Another reason for the lack of angiogenic capacity is the resistance of SECs to angiogenic inducers. This is indicated by the impaired angiogenic response of primary cerebromicrovascular ECs to exogenous VEGF in aged rats [119]. In addition, force microscopy suggests that SECs have diminished migratory capacity, as evidenced by the tendency of SECs to be static and firmly adherent to the substrate [56]. In terms of exogenous factors, an obvious contribution is that SECs reduce the production of the angiogenesis inducer VEGF [120], thus impairing the direct promotion of angiogenesis. Since NO is located downstream of VEGF-induced angiogenesis [121], impaired bioavailability of endothelial-derived NO also disrupts the dynamic balance between angiogenesis and vessel regression, thereby promoting microvascular rarefaction [122].
As NPDR lesions progress, retinal microvascular rarefaction and occlusion worsen, accompanied by a decrease in vascular perfusion density [123, 124]. Microaneurysms, which refer to vessel outpouching and leakage, are characteristic tissue lesions during the NPDR period [3]. Early studies suggest that endothelial senescence is involved in the development of microaneurysms [125]. In regions of capillary nonperfusion, pericyte loss and capillary endothelial damage contribute greatly to microaneurysm formation, with the former widely recognized as a central factor [126, 127]. During this process, dysfunction of SECs and spreading of SASP impair pericyte survival and recruitment, resulting in reduced pericyte coverage.
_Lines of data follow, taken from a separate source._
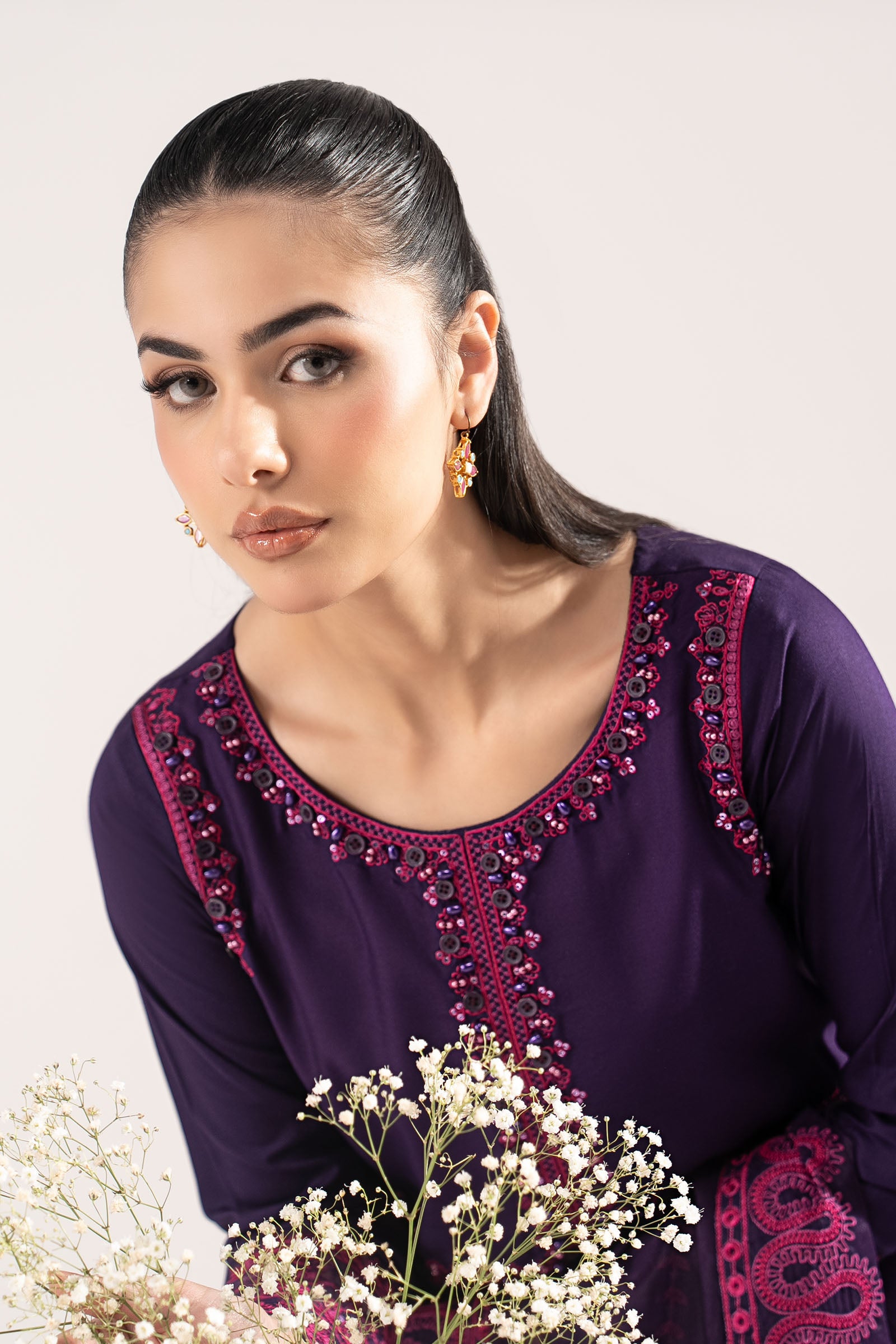 3 Piece Embroidered Linen Suit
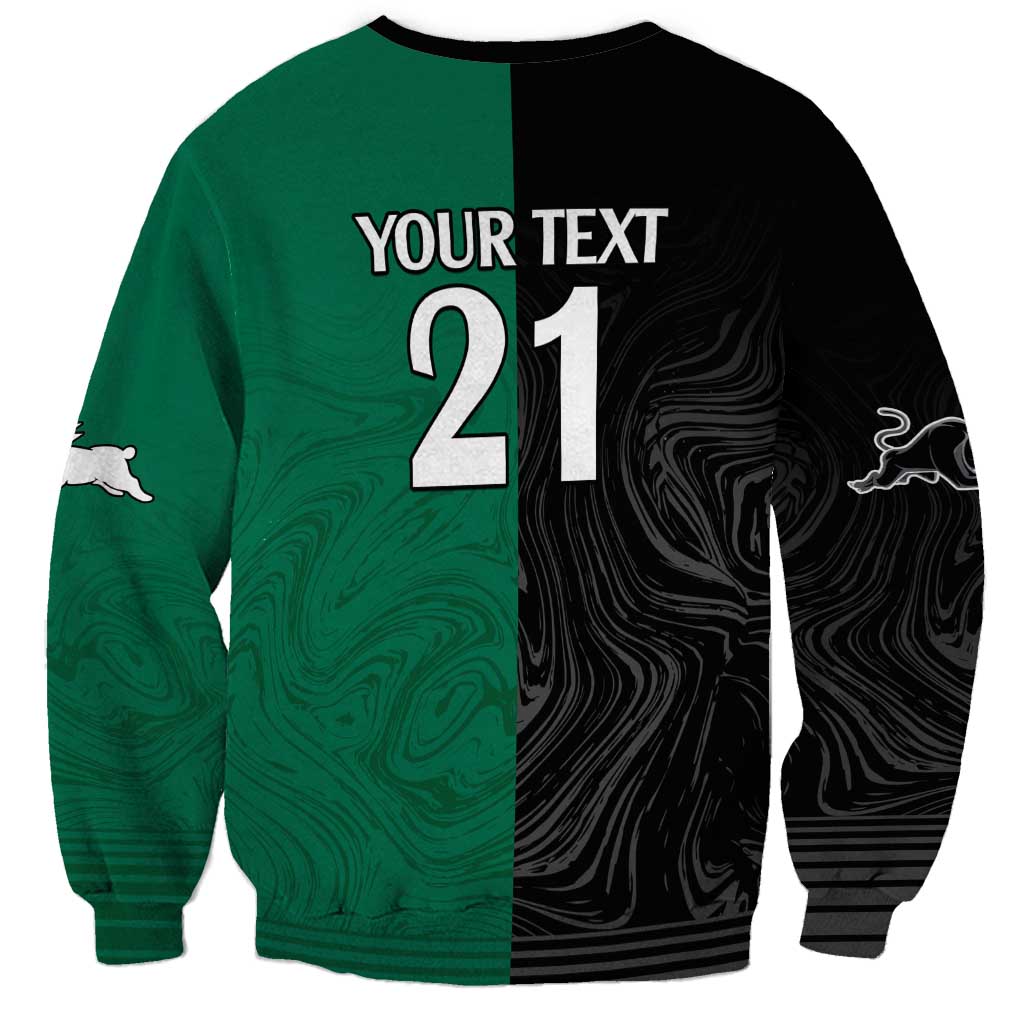 Custom Rabbitohs-Panthers Sweatshirt NRL Tribal Half Style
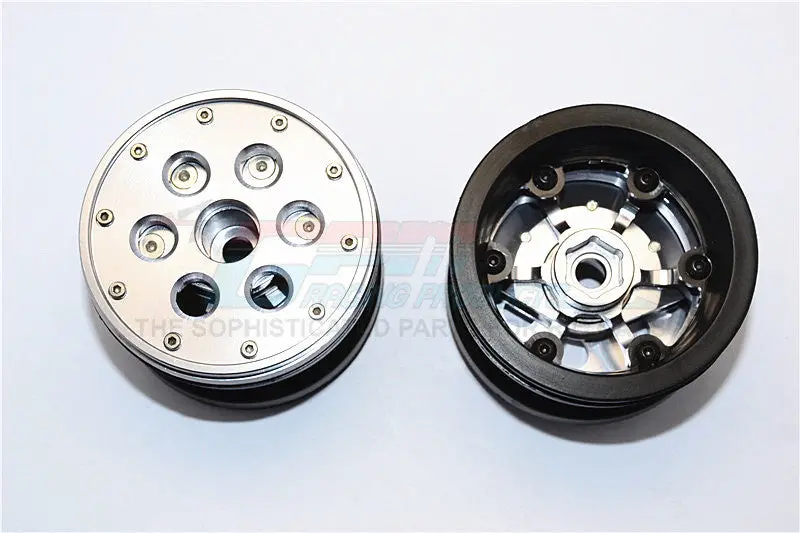Aluminum+ Plastic Beadlock Weighted Wheels With Weight Holder & Bearings Suitable For All 2.2'' Tires - 1Pr Set Gray Silver 1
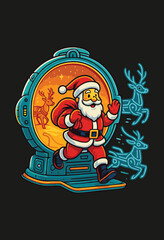 Santa Through Time, Past Meets Future Christmas, The Timeless Santa, Sleighs of Yesterday & Tomorrow, Time-Travel Holiday Magic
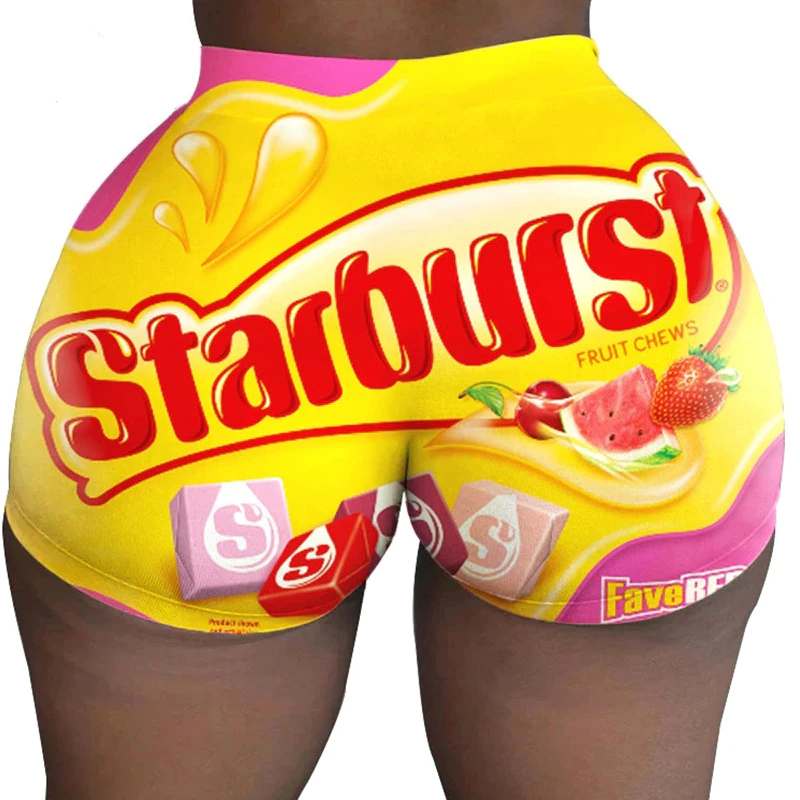 ahh yes, the best clothing possible, photoshopped candy wrapper booty shorts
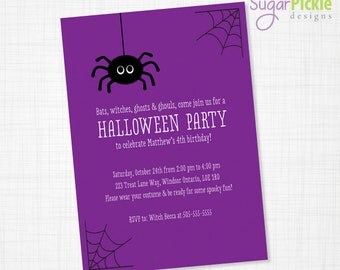 Halloween Birthday Invitation, Halloween Birthday Invites, Halloween Party Invitation, Kids Birthday Party Invitations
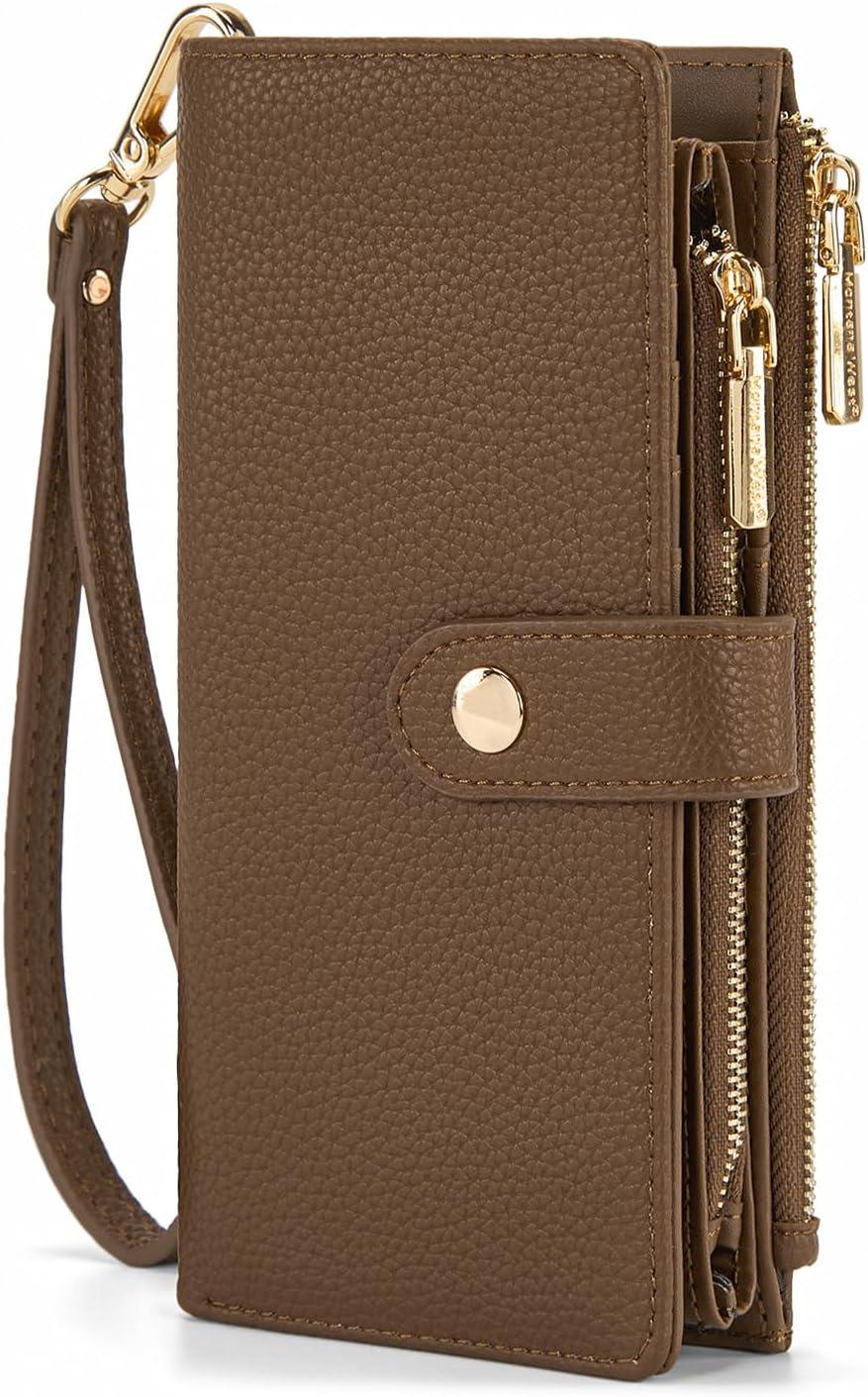 imageMontana West Bifold Wallet Women Wristlet Wallets Card Cases amp Money Organizers Minimalist Wallet for Women Ladies Female Large Capacity Clutch Phone Wallets with Double Zipper Purses and ID WindowCoffee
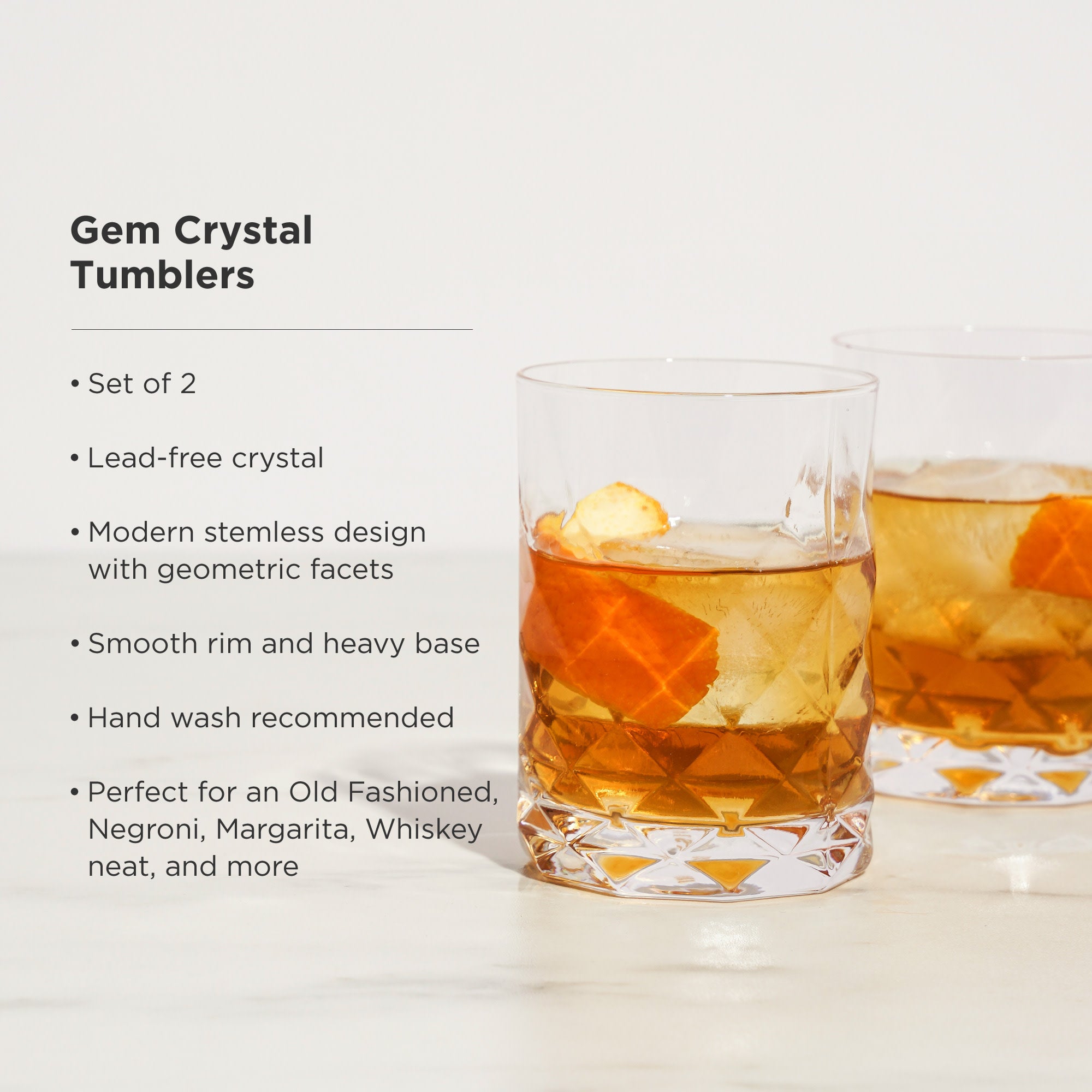 Viski Raye Gem Crystal Highball Tumblers Set of 2, Lead-Free Premium  Crystal Clear Glass, Stylish Highball Cocktail Glasses, Cocktail Glass Gift  Set, 14 oz, Shop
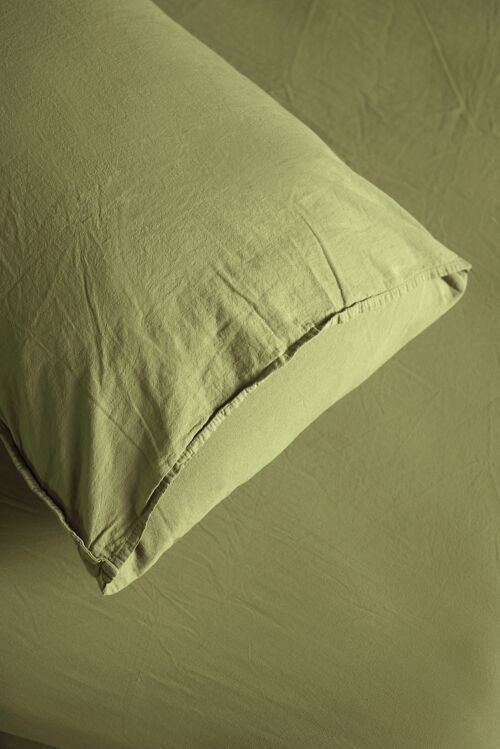 2 Pillow Cases, Olive Green - 50 x 75 cm
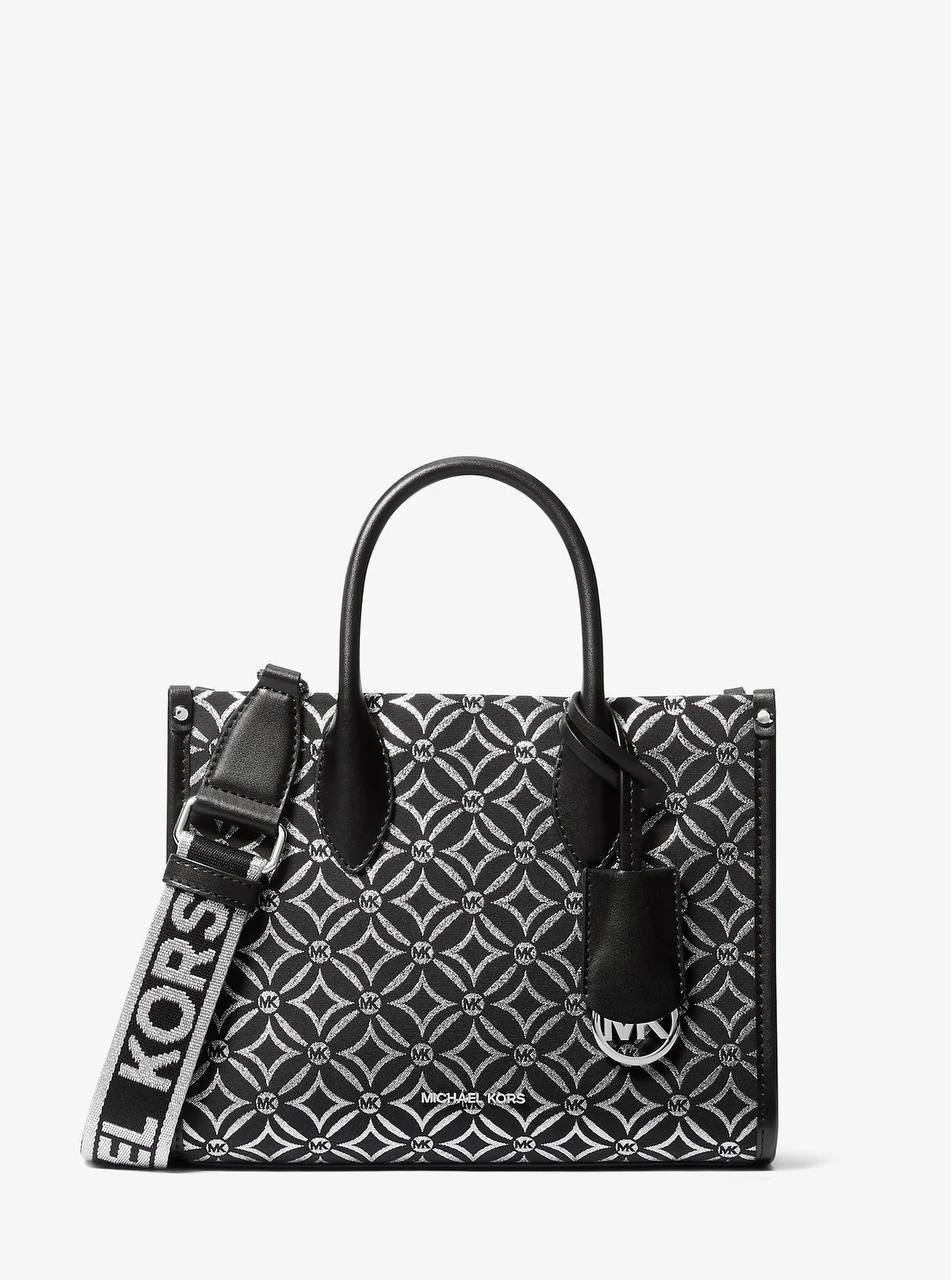 Michael Kors mirella small metallic logo jacquard crossbody bag in black multi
Given that pericytes mediate leukocyte extravasation, pericyte loss may contribute to intralumenal accumulation of leukocytes [127]. This, together with pro-inflammatory SASP, exacerbates endothelial damage. At the BM level, the loss of vascular cells reduces BM synthesis, while increased MMP-9 levels in pro-inflammatory SASP disrupt the BM during the later stages of microaneurysm formation [60, 128]. These changes render the vessel wall weak and fragile, making it predispose to dilation and leakage under high capillary hydrostatic pressure [126].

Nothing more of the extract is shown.